Quel qu'en soit le type, la sûreté doit être, en principe, maintenue jusqu'à la fin de l'administration du tuteur, à moins que vous n'en décidiez autrement.

Pour exécuter ses obligations, le tuteur doit fournir une sûreté quand les biens sous son administration sont évalués à plus de 25 000 $. La sûreté est une garantie en vue de protéger le patrimoine du mineur.

À titre de conseil de tutelle, vous devez :

  • déterminer le type de sûreté et le montant de la garantie;
  • fixer le délai que le tuteur devra respecter pour fournir cette sûreté;
  • vérifier chaque année la validité de celle-ci ou en accepter une autre de valeur suffisante.

Attention : le gel de fonds ne constitue en rien un gel des placements. Le tuteur garde l’initiative de diversifier le portefeuille du mineur ou de le modifier à sa guise, à condition de faire des placements présumés sûrs (exemple : conversion d’un certificat d’épargne en obligations) dans l’établissement financier dépositaire de ces fonds.

Les types de sûreté

Généralement, la sûreté peut prendre trois formes.

  • Le gel de fonds : c’est, en fait, un engagement pris par  l’établissement financier détenteur des fonds de retenir la somme que vous aurez déterminée. Le gel peut porter sur tout le capital ou sur une partie de celui-ci. Vous pouvez inclure les intérêts ou pas.

Le tuteur doit avoir en main une copie de votre décision avant d’entreprendre les démarches auprès de l'institution financière.

  • Le contrat de cautionnement ou toute autre forme d’assurance : une institution financière reconnue (banque, assureur, caisse populaire, etc.) s’engage à verser à l’enfant des dommages-intérêts jusqu’à concurrence d’un certain montant, en cas de manquement du tuteur à ses obligations. La prime est payable à même le patrimoine de l’enfant.

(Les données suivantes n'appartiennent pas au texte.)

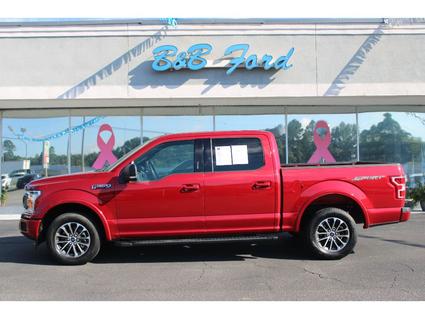 2020 Ford F-150 Barnwell SC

  • Contrairement aux autres sûretés, la garantie hypothécaire n’a pas à être confirmée annuellement par le tuteur

    La garantie hypothécaire : le tuteur donne en garantie un immeuble dont il est propriétaire jusqu’à concurrence d’un montant que vous aurez déterminé. Le contrat de garantie doit être notarié et enregistré par un bureau de la publicité des droits.

Comment fixer le montant garanti par la sûreté?

  • Ce sont les parents, à titre de tuteurs légaux qui administrent les biens de l’enfant? Vous devez tenir compte d’éléments tels que l’obligation alimentaire qu'ils doivent remplir, leurs capacités financières, la situation de l’enfant et ses besoins (ses intérêts, la nature des biens qui lui appartiennent, les frais s'y rattachant pour les conserver, etc.). En règle générale, moins ces besoins sont importants, plus le montant garanti par la sûreté sera élevé.
  • C’est un tuteur datif qui administre les biens et les parents de l'enfant sont décédés? En plus des éléments mentionnés précédemment, vous devez penser au fait qu’il devra utiliser une partie du patrimoine de l’enfant pour élever celui-ci. Puisque, contrairement aux parents, il n'a pas d'obligation alimentaire envers celui-ci.

Exemption et biens immobiliers

Vous pouvez exempter de la sûreté les biens immobiliers (maison, terrain, chalet, etc.), peu importe leur valeur, tout comme certains autres biens matériels (véhicule, meubles de valeur, bateau, etc.). Nous vous conseillons de consulter le Curateur public en cas d’hésitation.

Exemple

Robert Toutlemonde décède. Son fils Alexandre, mineur de 15 ans, hérite de sa maison, évaluée à 200 000 $, et un montant de 50 000 $ lui est versé à titre de bénéficiaire de l’assurance vie de son père. Ce montant lui rapportera des intérêts annuels évalués à 2 000 $.

  • La mère d’Alexandre, Marie Tremblay, administre les biens de son fils à titre de tutrice légale.
  • Elle élève l'enfant avec ses propres revenus, assumant désormais seule l’obligation alimentaire parentale.
  • Elle lui verse un loyer de 600 $ par mois puisqu’elle continue à habiter la maison familiale (elle a convenu avec le conseil de tutelle, récemment formé, de ce montant basé sur l’évaluation municipale de la maison; les frais de chauffage et d’électricité sont inclus).

Pour déterminer la sûreté, le conseil de tutelle analyse la situation en collaboration avec Marie Tremblay, tenant compte :

  • de l’obligation alimentaire de cette dernière et de ses capacités financières;
  • des revenus annuels d’Alexandre évalués à 9 200 $ (loyer + intérêts);
  • des frais de tutelle évalués à 8 000 $ la première année (2 000 $ pour la formation du conseil de tutelle +  6 000 $ de frais fixes comprenant impôts fonciers, chauffage, électricité, etc.).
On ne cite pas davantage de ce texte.